### Exercise
Instruction for the listing below: copy exactly, and only, the lines from the one holding "Mini Pavlova Cake" through its last line, omitting any picture.

### Dataset records
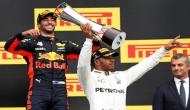 Hamilton holds off Vettel to win Belgian GP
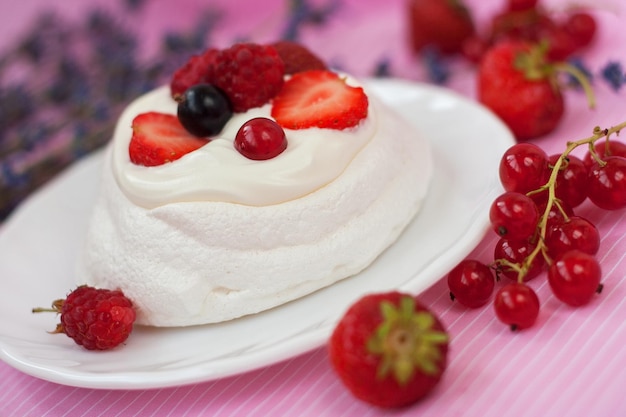 Mini Pavlova Cake dessert with fresh strawberries black and red currants Summer dessert with berries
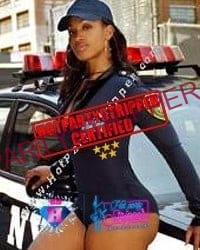 a black stripper dressed in a police costume in Manhattan 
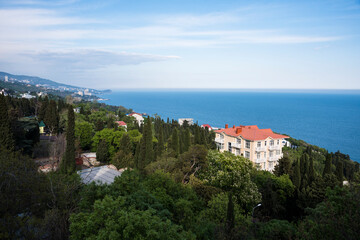 View of the slope of the mountain covered with forest and buildings of the city of Alupka on the Crimean Peninsula against the Black Sea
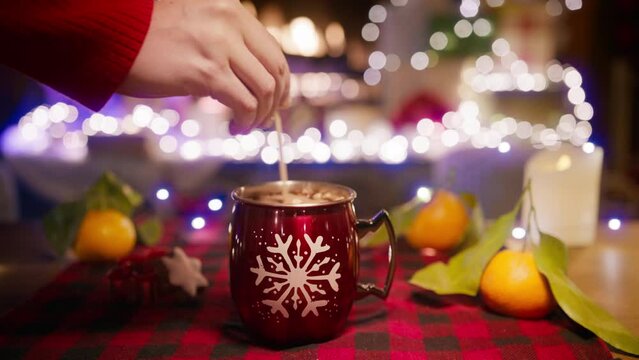 Mixing hot water and marshmallows in red glossy holiday mug close up. Winter traditional drinks. Christmas holidays and new year time 2024. Cooking hot chocolate drink close up view, hot cocoa recipe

### Solved exercise
 Mini Pavlova Cake dessert with fresh strawberries black and red currants Summer dessert with berries
 a black stripper dressed in a police costume in Manhattan 
 View of the slope of the mountain covered with forest and buildings of the city of Alupka on the Crimean Peninsula against the Black Sea
 Mixing hot water and marshmallows in red glossy holiday mug close up. Winter traditional drinks. Christmas holidays and new year time 2024. Cooking hot chocolate drink close up view, hot cocoa recipe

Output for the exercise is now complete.